The Employment Appeal Tribunal (EAT) has held in Aston v The Martlet Group Ltd that ex-employees bringing a discrimination claim must be able to show not just that the discrimination arose out of the employment relationship but also that it was “closely” connected to it. As such, there must not be “too many links in the chain”.

Basic facts

Following a period of long-term sick leave, Mr Aston’s employer wrote to him offering him £4,000 as a “gesture of goodwill” which Mr Aston accepted. As the payment did not materialise, however, Mr Aston brought claims for unfair dismissal and disability discrimination.

At a preliminary hearing, the tribunal ruled that his claim for unfair dismissal was out of time but extended time in relation to the discrimination claim. During the course of giving evidence at the hearing, a company director repeated the offer of a payment of £4,000, but made clear subsequently that this was conditional on the claims being withdrawn.

Mr Aston then amended his claim to include victimisation on the basis that his employer had refused to pay him because he had brought proceedings contrary to section 27(2)(a) of the Equality Act.

Tribunal decision

At a full hearing the tribunal dismissed all his claims.  Mr Aston appealed against the dismissal of the victimisation complaint, among other things.

For its part, the company argued that there was no jurisdiction to hear the victimisation complaint because (a) an essential component of it was covered by judicial proceedings immunity (immunity given against liability when giving witness evidence); (b) it was not within the scope of section 108 of the Equality Act; and that (c) as a matter of law, “continuing” to pursue proceedings, as opposed to “bringing” or instigating proceedings, was not a protected act under section 27(2)(a).

EAT decision

With regard to the last point, the EAT held that the concept of bringing proceedings found in section 27(2)(a) should be construed as embracing a decision to continue with proceedings. Apart from anything else, it would not make sense if an employer could treat an employee badly because they continued proceedings but not if they brought proceedings.

With regard to the issue of judicial proceedings immunity, it held that this did not apply in this case because statements made by an employer when giving evidence at a hearing of a claim against them did not fall within the scope of Article 3(1)(c) of the Equal Treatment Directive relating to: “employment and working conditions, including dismissal and pay”.

Nor did the claim fall within section 108 which outlaws discrimination arising “out of and [which] is closely connected to a relationship” that has ended.
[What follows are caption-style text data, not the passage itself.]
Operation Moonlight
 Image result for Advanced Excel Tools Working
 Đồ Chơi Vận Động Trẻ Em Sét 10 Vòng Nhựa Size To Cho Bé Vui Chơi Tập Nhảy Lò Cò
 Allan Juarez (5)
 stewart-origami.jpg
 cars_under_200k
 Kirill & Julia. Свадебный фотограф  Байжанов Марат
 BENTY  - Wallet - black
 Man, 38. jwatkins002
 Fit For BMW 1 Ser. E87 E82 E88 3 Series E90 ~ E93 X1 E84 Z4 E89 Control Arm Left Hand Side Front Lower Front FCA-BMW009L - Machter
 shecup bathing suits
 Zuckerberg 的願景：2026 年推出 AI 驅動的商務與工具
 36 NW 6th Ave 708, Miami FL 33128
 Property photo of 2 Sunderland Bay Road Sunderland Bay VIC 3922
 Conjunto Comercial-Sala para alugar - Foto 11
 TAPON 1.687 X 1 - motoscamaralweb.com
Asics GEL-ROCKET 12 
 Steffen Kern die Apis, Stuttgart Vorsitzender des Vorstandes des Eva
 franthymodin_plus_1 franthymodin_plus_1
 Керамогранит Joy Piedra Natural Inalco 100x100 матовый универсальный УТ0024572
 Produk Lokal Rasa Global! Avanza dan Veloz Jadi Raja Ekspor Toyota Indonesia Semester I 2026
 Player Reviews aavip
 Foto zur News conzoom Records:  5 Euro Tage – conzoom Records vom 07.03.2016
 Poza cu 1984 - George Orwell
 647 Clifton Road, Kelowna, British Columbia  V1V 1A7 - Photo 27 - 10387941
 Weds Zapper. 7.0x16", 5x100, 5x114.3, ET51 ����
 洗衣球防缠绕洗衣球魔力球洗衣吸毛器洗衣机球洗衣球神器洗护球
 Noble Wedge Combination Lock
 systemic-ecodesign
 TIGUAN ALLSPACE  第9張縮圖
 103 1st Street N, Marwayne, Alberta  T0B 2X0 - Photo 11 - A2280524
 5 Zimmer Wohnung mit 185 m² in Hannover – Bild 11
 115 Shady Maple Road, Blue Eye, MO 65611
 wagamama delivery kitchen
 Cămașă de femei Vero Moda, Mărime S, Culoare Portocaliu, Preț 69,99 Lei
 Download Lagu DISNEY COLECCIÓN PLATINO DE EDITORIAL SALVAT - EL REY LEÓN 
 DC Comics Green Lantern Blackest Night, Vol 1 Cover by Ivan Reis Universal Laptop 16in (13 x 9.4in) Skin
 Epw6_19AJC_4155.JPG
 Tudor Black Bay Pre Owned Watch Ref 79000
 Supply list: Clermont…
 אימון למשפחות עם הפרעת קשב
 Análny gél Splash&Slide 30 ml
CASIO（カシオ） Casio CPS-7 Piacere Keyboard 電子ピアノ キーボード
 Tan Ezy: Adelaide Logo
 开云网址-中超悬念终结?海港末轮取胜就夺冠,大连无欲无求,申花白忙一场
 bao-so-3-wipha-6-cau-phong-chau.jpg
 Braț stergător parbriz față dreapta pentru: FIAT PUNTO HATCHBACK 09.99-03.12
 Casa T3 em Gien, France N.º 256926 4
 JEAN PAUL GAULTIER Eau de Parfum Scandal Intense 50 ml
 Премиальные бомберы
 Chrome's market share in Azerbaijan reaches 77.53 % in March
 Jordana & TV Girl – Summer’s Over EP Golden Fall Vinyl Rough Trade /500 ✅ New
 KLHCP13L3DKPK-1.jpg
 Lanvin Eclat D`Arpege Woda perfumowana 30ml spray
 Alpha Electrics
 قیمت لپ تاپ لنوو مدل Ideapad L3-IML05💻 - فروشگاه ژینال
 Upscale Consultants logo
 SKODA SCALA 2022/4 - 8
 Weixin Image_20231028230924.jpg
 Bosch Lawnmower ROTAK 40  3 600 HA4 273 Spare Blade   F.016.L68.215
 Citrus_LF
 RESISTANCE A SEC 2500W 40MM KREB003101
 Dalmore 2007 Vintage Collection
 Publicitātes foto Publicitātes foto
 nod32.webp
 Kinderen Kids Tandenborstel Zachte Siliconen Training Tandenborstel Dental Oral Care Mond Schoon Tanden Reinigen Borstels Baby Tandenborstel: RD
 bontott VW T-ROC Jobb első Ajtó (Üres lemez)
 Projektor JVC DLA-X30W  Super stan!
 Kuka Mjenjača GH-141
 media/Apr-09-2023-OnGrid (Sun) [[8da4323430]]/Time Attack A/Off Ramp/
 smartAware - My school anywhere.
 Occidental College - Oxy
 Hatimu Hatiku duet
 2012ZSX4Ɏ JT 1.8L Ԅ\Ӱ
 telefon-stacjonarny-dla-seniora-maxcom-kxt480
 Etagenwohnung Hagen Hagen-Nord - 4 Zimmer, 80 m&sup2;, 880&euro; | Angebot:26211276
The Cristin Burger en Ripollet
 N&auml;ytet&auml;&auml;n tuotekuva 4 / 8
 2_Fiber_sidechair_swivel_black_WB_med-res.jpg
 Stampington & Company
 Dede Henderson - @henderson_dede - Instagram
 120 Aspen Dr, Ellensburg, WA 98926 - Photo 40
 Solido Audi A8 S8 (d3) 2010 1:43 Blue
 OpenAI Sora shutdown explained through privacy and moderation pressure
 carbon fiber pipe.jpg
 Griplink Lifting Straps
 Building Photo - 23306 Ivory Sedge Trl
In order to meet the test, the conduct must not just arise out of the relationship, but it must also be closely connected to it.

As the offer of £4000 in this case was not to settle any actual or potential claims arising out of the termination, had been withdrawn many months before the hearing and was not made available in the period immediately before the hearing, it could not be said to be closely connected to the employment relationship.

Acknowledging that it may have arisen from the former employment and have been connected with it, the EAT emphasised that it was not conduct which could be said to be “closely” connected with it as there were simply “too many links in the chain”.